I want solarwinds to inform me that something is in a hung state (ergo over and hour) but then I need to determine if it's an actual issue and not a job being run during the night. I know for a fact that this seems that implementation is going to be difficult.
Once the alert has been triggered I want the server and process that's in a hung state (this is the easy bit) sent to the support mailbox and the customer. Here come's the hard bits:
With this information I would love to be able to include a screenshot of the process' that are running in the background (Maybe from a macro, or maybe solarwinds can take a report of the processes that are running at the time.) so that the customer can resolve this issus application side

Some like and then maybe a piece explaining why this email has been sent with the server name, ect. On top of this, I would love it to happen to both CPU and memory. I don't know if it seems like a better idea than saying 'this node is running at 99% of it's memory' and of a similar nature.

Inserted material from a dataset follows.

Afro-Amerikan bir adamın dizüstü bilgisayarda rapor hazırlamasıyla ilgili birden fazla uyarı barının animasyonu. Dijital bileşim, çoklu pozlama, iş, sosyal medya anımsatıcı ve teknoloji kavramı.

My final and what I conceive a much harder thing to implement. Usually, when a drive gets full, we would log on to the server, run tree size, look at the drive, try to make space or increase the drive.
What I want to do is, have it where by treesize opens up, takes a screen dump/report of the drive and then it get's sent to the support desk and any relative parties. I know I could and would NEVER trust a system to remove files/drives themselves. But if there's a way that I can reduce the amount of time I need to log on to a sever and then investigate as little as possible, then it seems like a win win situation.
Implementation.
I made an alert that states if a process get's over 95% for 45 minutes then report the alert. I would consider this a hung state. The only thing I need to determine is if (A) the process is being run by a user generated action, or, if is because it's in a hung state.
If I truly think about this, I might be asking too much. But the idea, if implemented correctly would save me so much time when I am emergency contact.